Diese Ansammlung von menschlichen und nicht-menschlichen Akteuren, wie der Anthropologe Bruno Latour (2002) es ausdrücken würde, schafft einen Interpretationsrahmen zu den Ursachen und zur Prävention, Behandlung und Vertreibung von Krankheit. Dem Unwissen über Wirkung und Maßnahmen zum medizinischen Stand der Vorbeugung wird so eine alternative, spirituelle Lesart entgegengesetzt, die einen lokalen Umgang mit Unwissen und Unsicherheit widerspiegelt. Durch die Prämisse des ‚vielleicht’ hegt dieser Glaubensansatz keinen Wahrheitsanspruch, sondern bietet ein potentielles Erklärungsmodell zur derzeitigen Situation, ohne andere auszuschließen (anders als die hitzig diskutierten Verschwörungstheorien, die derzeit in Deutschland kursieren).

Wer die kambodschanische Gesellschaft verstehen will, sollte grundsätzlich die spirituelle und religiöse Perspektive berücksichtigen. Das gilt auch in Bereichen, die vermeintlich säkulär gedacht werden, wie der Medizin, der Verarbeitung der humanitären Krise zwischen 1968-1998 oder politischen Prozessen.

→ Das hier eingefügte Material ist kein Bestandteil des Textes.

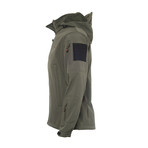 Multi Functional Softshell Jacket // Green (S)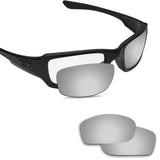 Anti-saltwater Replacement Lenses for Oakley Fives Squared Sunglasses - Various Colors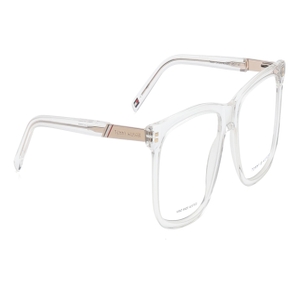 Image 2 of Transparent Wayfarer Eyeglasses for Men from Tommy Hilfiger Available at Titan Eye+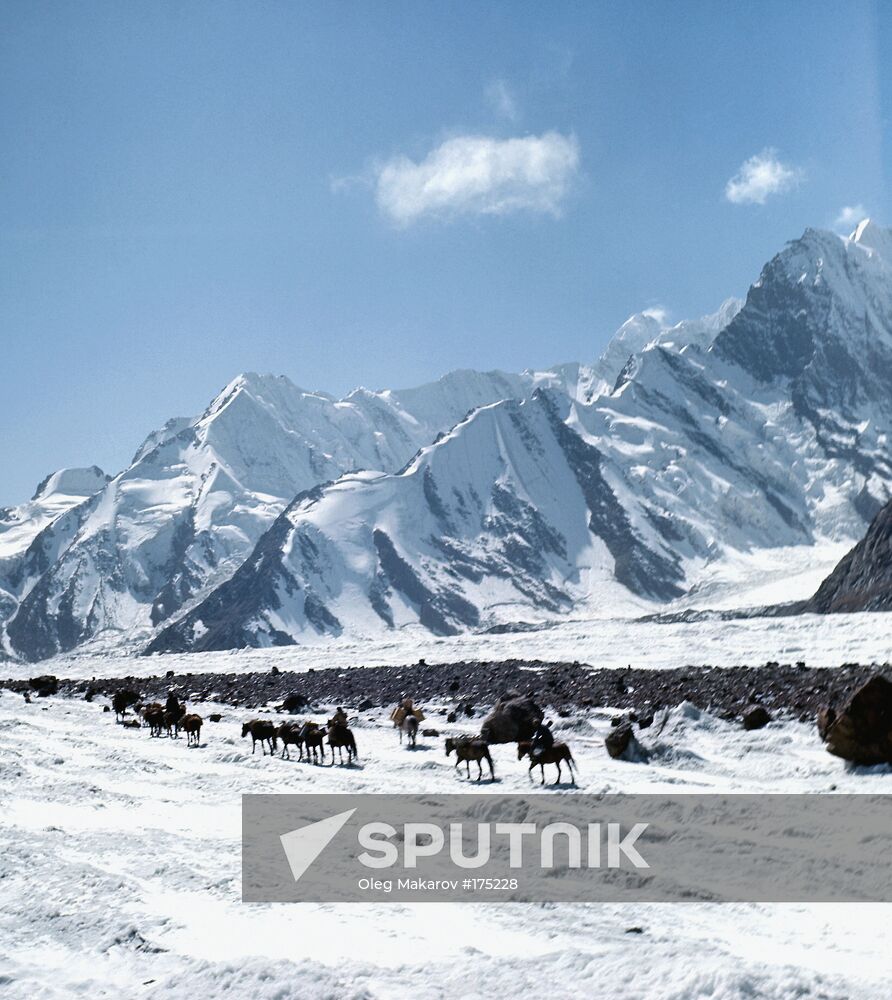 Tajikistan Pamir glacier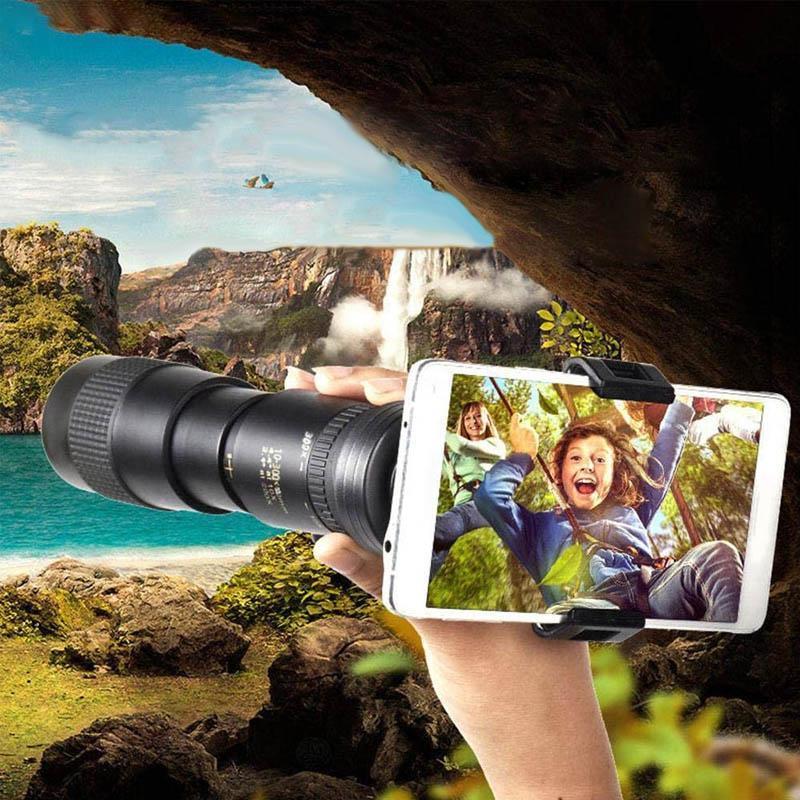 Super Zoom Monokulært Teleskop 4k | Skanto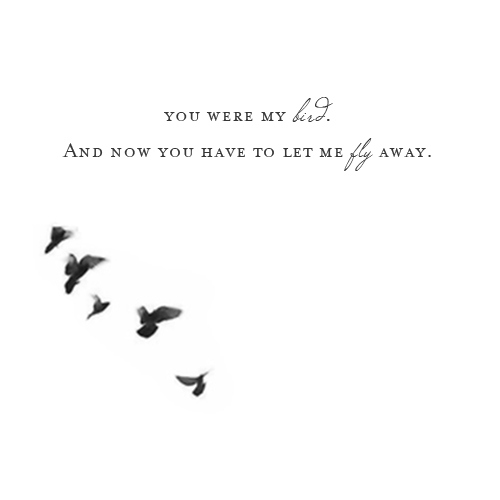 you were my bird.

Spiritualität soll Medizin nicht ersetzen

Bei meinem Besuch 2012 in dem Dorf nahe Battambang wurde mir gesagt, dass sich die Krankheit nach dem Aufstellen von Ting Mong weniger schnell ausgebreitet habe. Daran wird noch ein weiterer Effekt des Phänomens sichtbar: Wer durch ein Dorf mit vielen Ting Mong fährt, reduziert instinktiv den Kontakt zu den Ansässigen. Die Dorfbewohner*innen betonten, dass das Aufstellen der Ting Mong aber nicht der einzige Grund für die Verbesserung gewesen sei; die Kranken hatten auch Medikamente genommen.

Ähnlich argumentiert auch eine Frau in einem Interview mit der Nachrichtenagentur Reuters. Sie glaube an die Kraft der Ting Mong, hoffe aber auf eine baldige Impfung gegen Covid-19. Schade nur, dass das Video die Untertitelung erhielt „These Cambodian villagers believe they have found a way of avoiding coronavirus, without using masks or following social distancing”. Denn in einem Land mit fast 80% Landbevölkerung auf engem Raum und einem alltäglichen Gebrauch von Masken (schon vor Covid-19) sind Ting Mong keine Absage an medizinische Empfehlungen. Vielmehr sind sie eine kambodschanische Methode zur aktiven und kreativen Gestaltung des Wartens auf bessere Zeiten.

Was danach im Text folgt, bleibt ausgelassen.